A medida que el país se preparaba para la votación que decidiría su destino, las relaciones entre los patriotas fundadores y los unionistas se deterioraban cada vez más. Había muchas cuestiones por resolver en cuanto a la votación, y las opiniones de ambos bandos eran divergentes, pero este tema en particular generaba una confrontación especialmente marcada.
José Hilario López, que se había unido a los unionistas, insistía en que todos los ciudadanos de Nueva Granada, incluidas mujeres, indígenas y esclavos, debían tener derecho al voto.
Esto era evidentemente desfavorable para los patriotas fundadores, por lo que su oposición era esperada, pero debieron ser más cuidadosos con sus palabras. Los periodistas estaban en la capital, escribiendo artículos sobre cada comentario hecho en las reuniones.
La reacción de los patriotas fundadores ofendió a todos los sectores que no eran blancos.
—¿Animales? ¿Estos locos están diciendo que somos animales?
—¿Entonces la mitad de nosotros somos bestias?
López había anticipado exactamente este tipo de reacción.
—¡Vean! La revolución que predican los patriotas fundadores es solo una fachada vacía. ¡Ya han traicionado su causa original y solo buscan adaptarse al antiguo orden para obtener poder!
Los patriotas fundadores estaban desconcertados.

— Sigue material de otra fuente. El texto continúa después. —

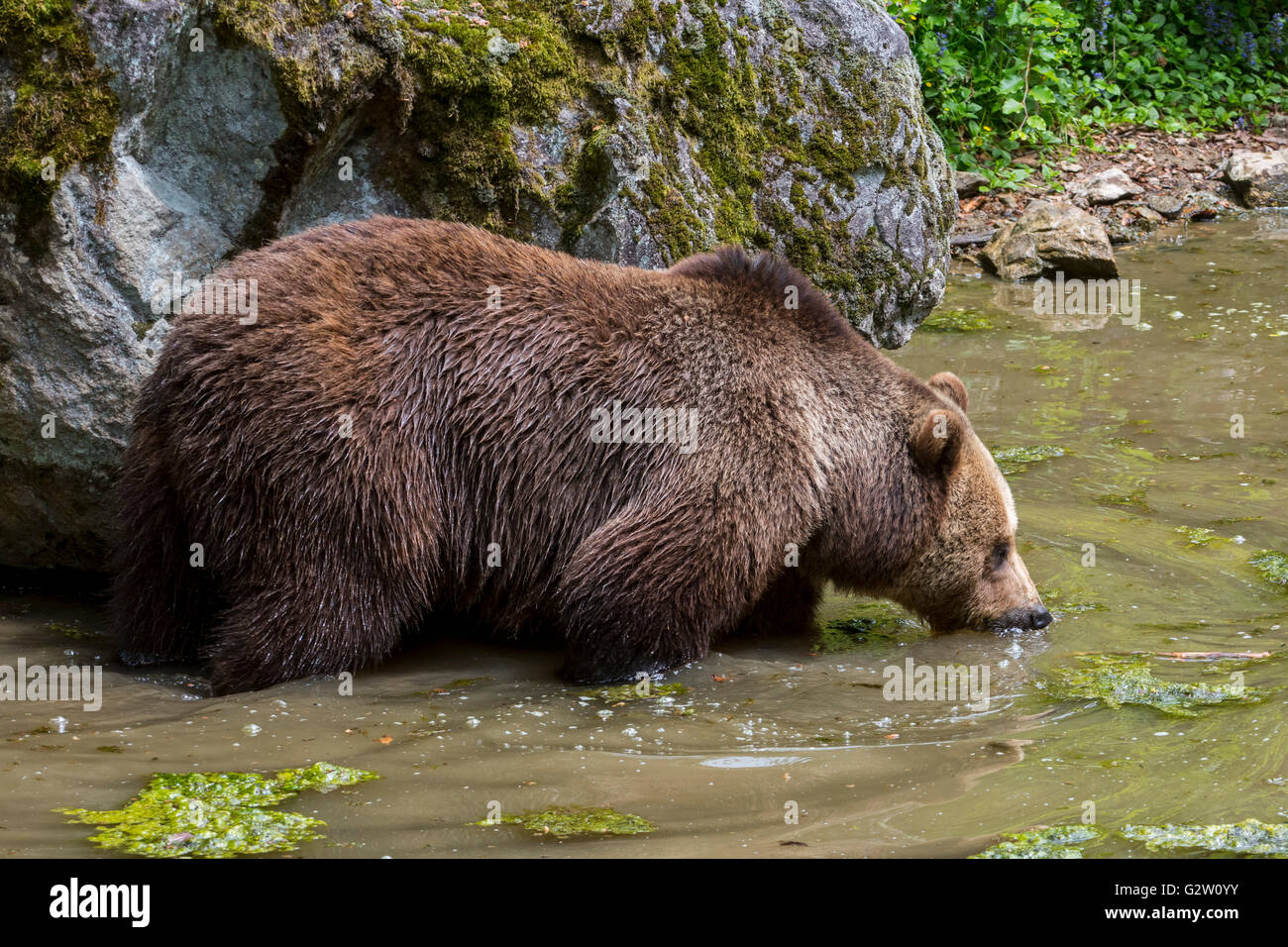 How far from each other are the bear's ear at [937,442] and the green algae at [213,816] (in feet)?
9.80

—¡Esto es una maniobra política despreciable! Nuestro país reconoce la propiedad de los esclavos, ¿cómo podrían ser ciudadanos? Si esa es su postura, entonces deberían formar un parlamento formal y cambiar la ley.
—¿Están diciendo que reconocen el derecho al voto de los indígenas?
—…
Legalmente, era difícil llamar ciudadanos a los esclavos, ya que eran tratados como propiedad. Sin embargo, el caso de los indígenas era distinto. Aunque muchos de ellos vivían en condiciones similares a la esclavitud como peones, no eran legalmente esclavos.
El hecho de que el Imperio Mexicano hubiera liberado a más de cuatro millones de peones ya era bien conocido en Nueva Granada, especialmente porque los revolucionarios lo habían promocionado para reclutar soldados desde el principio.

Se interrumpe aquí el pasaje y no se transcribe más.